Your assignment> Only one span of the material below is wanted. Output it exactly, from the line with "Stefan Dostanic cheers" through the line with "Bộ Sản Phẩm", without any pictures.

*** Opening Provided data ***

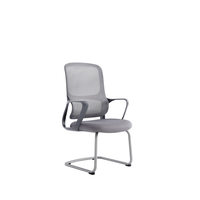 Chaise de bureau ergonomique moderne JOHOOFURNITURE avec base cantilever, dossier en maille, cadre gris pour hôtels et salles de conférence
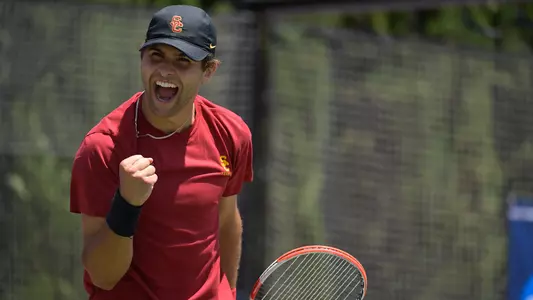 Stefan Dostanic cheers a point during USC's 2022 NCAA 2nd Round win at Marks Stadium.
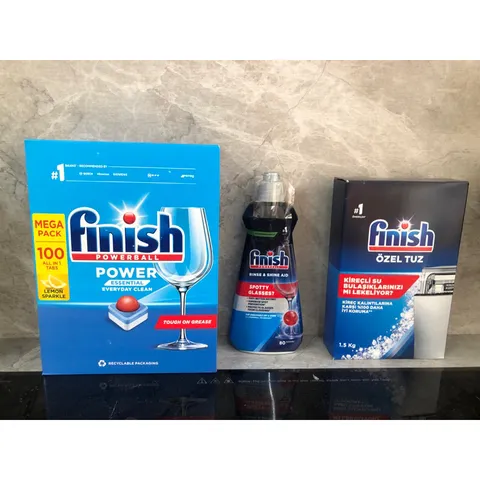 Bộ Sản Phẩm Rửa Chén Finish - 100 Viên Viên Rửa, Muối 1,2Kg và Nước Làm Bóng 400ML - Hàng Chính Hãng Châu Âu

*** Closing Provided data ***
*** Opening Provided data ***

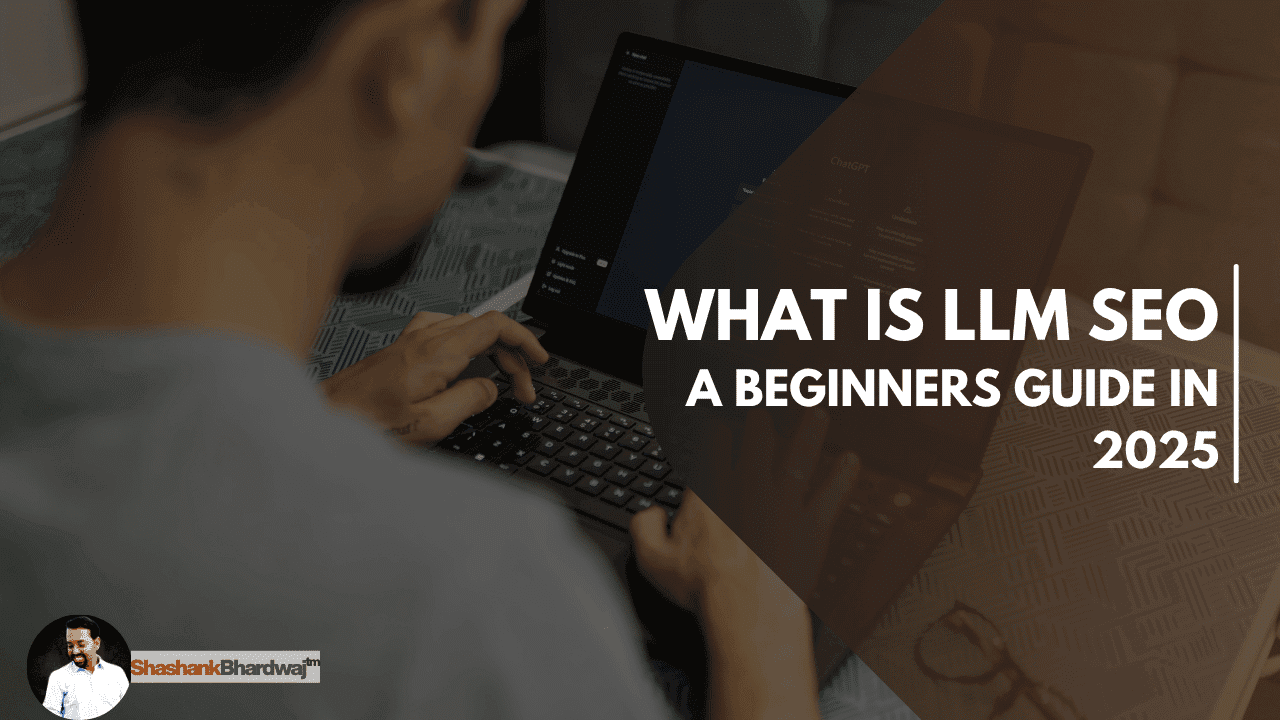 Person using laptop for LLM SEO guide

*** Closing Provided data ***

Result>
 Stefan Dostanic cheers a point during USC's 2022 NCAA 2nd Round win at Marks Stadium.
 Bộ Sản Phẩm Rửa Chén Finish - 100 Viên Viên Rửa, Muối 1,2Kg và Nước Làm Bóng 400ML - Hàng Chính Hãng Châu Âu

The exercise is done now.